Exercise :: Restate, exactly as written, the entries below from the line that holds "Miniaturas de perfumes" through the line that holds "Learn first aid". Pictures are not part of the copy.

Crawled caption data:

+---+

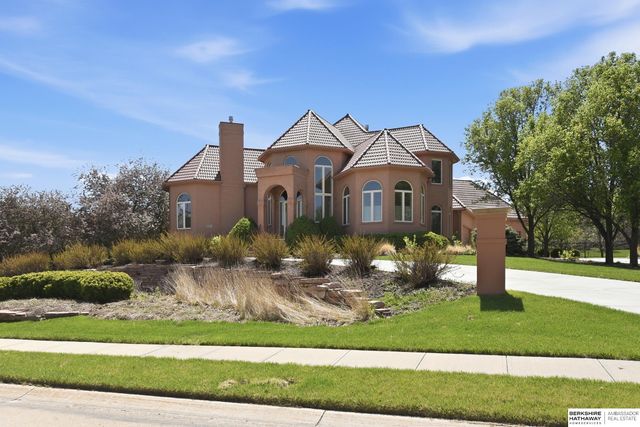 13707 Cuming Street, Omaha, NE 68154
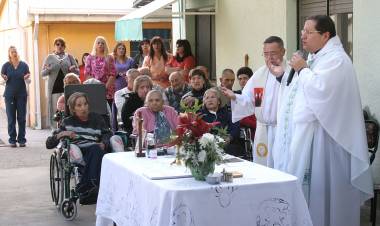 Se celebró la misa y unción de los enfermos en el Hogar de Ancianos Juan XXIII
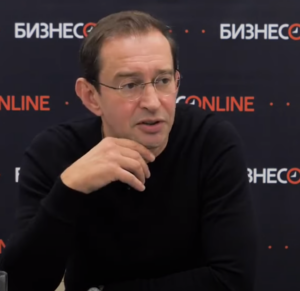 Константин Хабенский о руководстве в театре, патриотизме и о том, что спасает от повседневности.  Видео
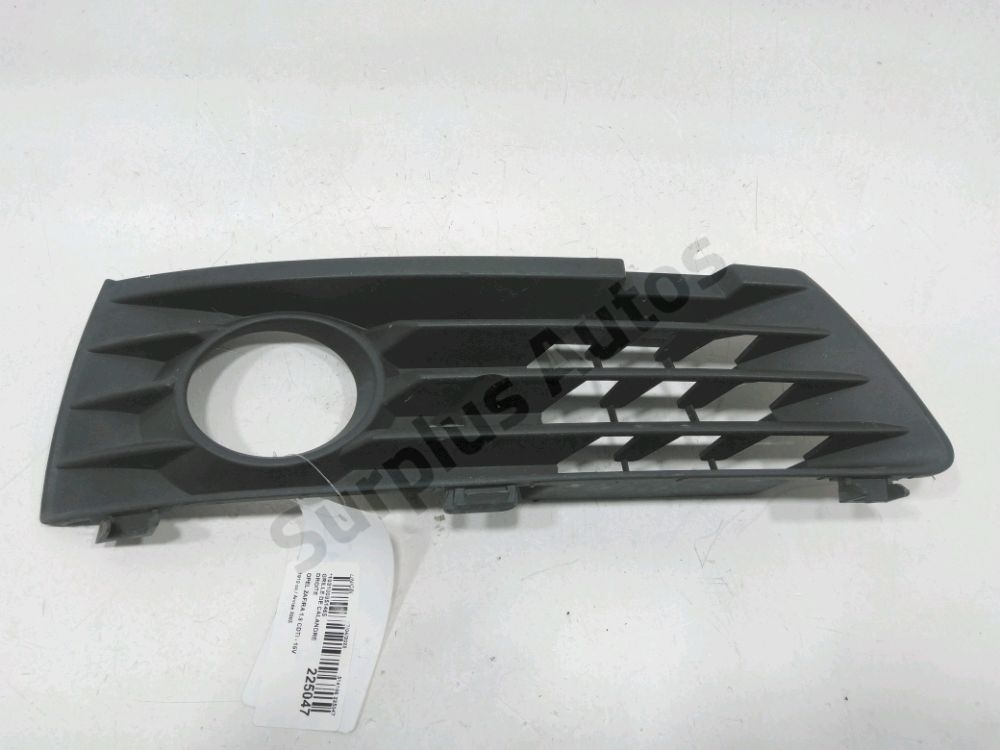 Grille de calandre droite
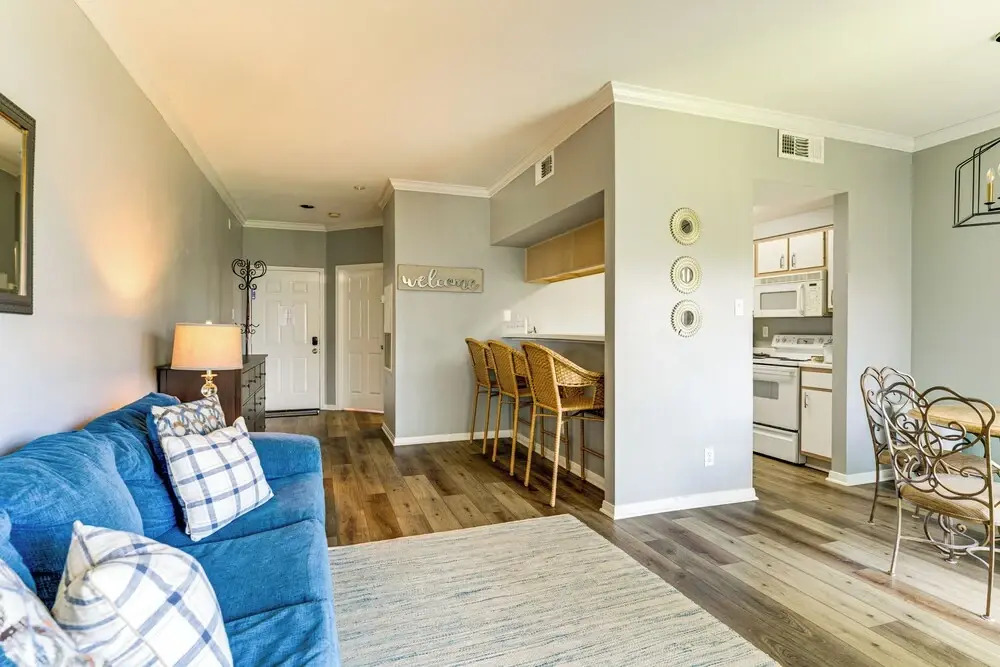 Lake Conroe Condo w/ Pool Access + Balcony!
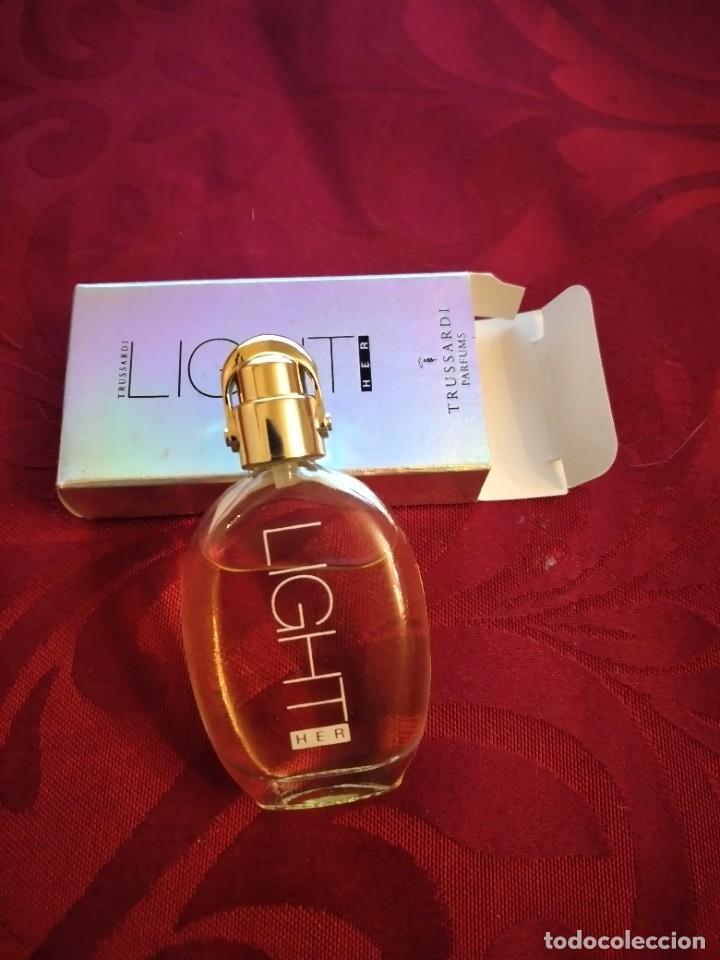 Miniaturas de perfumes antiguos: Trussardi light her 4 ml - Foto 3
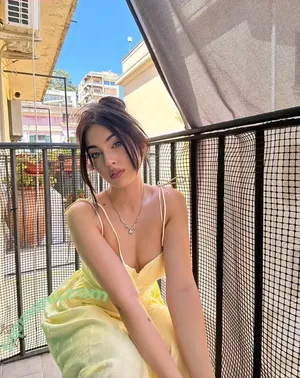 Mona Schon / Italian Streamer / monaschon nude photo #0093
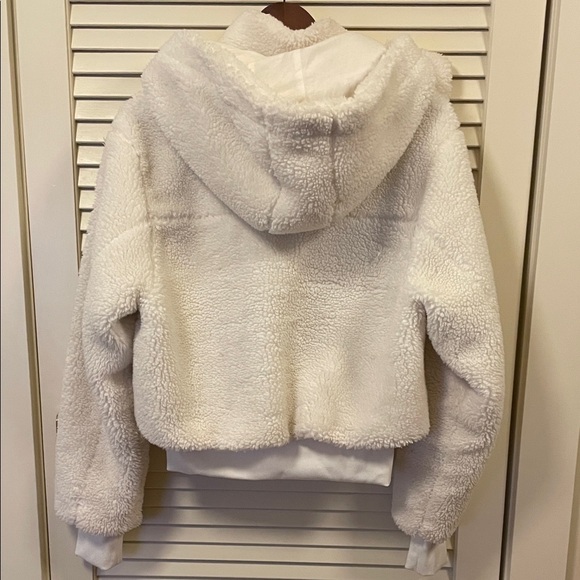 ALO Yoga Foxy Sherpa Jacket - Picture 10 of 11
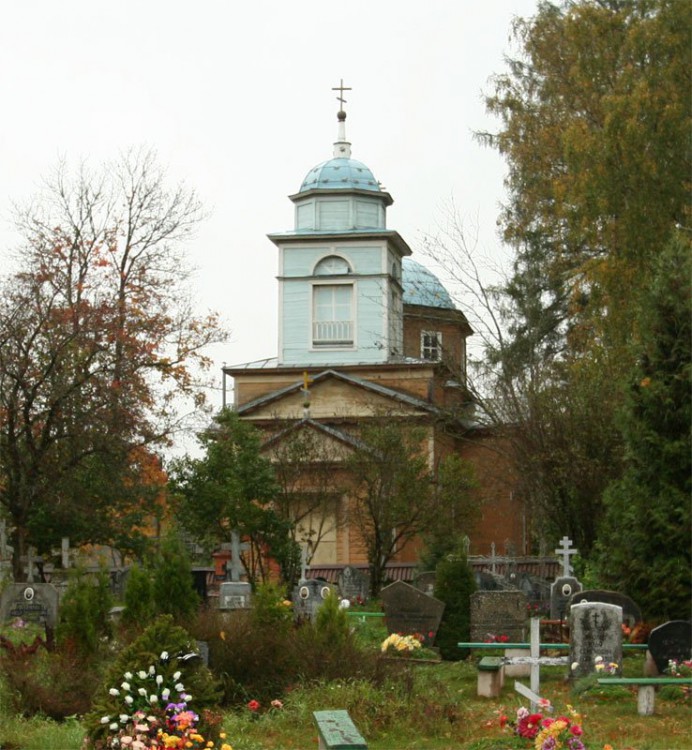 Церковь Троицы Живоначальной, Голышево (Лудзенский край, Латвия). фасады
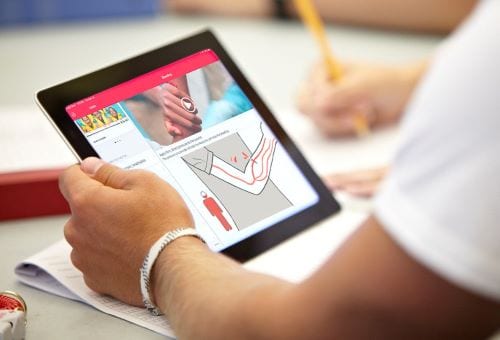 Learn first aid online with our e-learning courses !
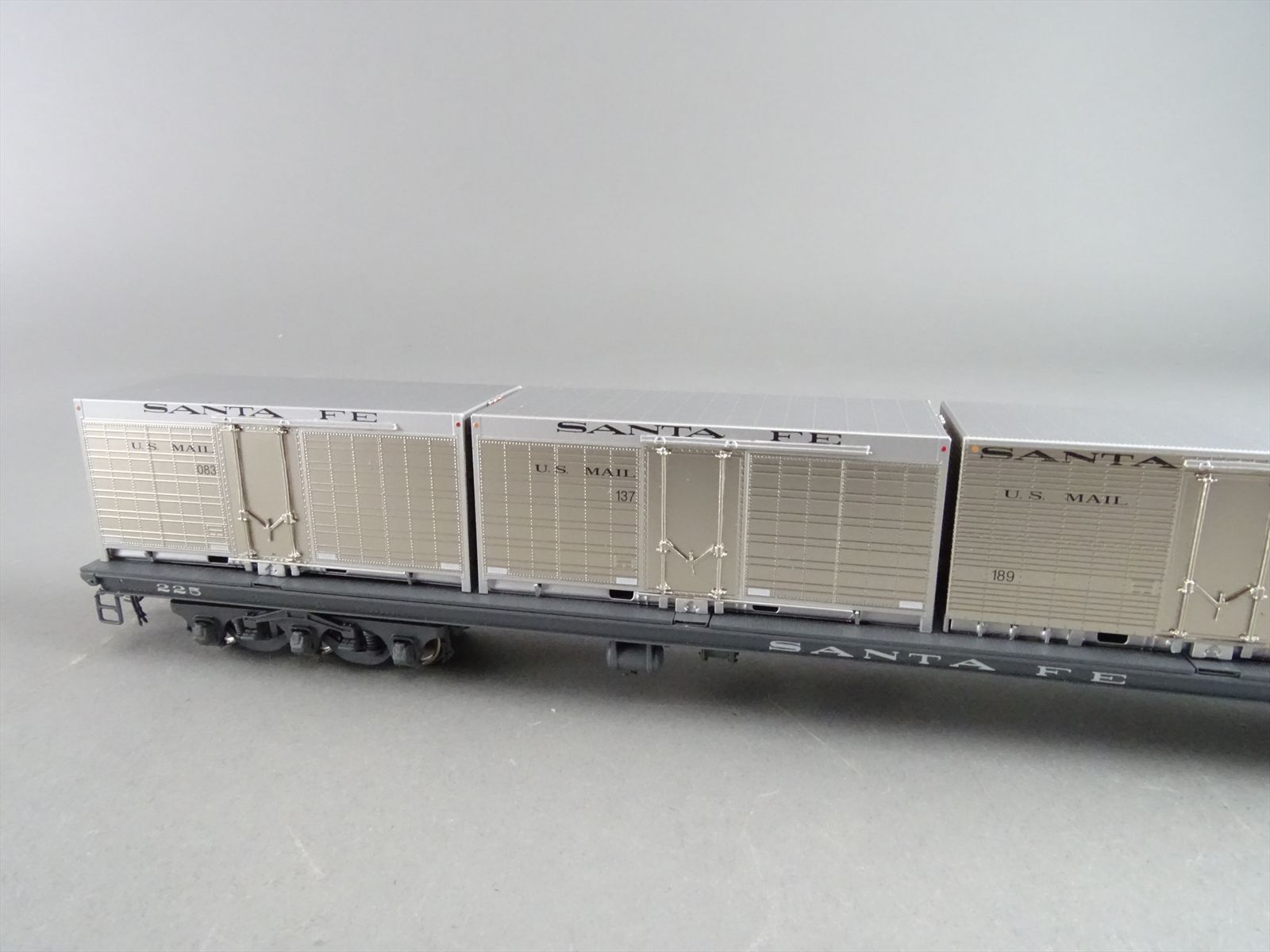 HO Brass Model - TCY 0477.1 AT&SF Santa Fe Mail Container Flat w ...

+---+

Result of this exercise ::
 Miniaturas de perfumes antiguos: Trussardi light her 4 ml - Foto 3
 Mona Schon / Italian Streamer / monaschon nude photo #0093
 ALO Yoga Foxy Sherpa Jacket - Picture 10 of 11
 Церковь Троицы Живоначальной, Голышево (Лудзенский край, Латвия). фасады
 Learn first aid online with our e-learning courses !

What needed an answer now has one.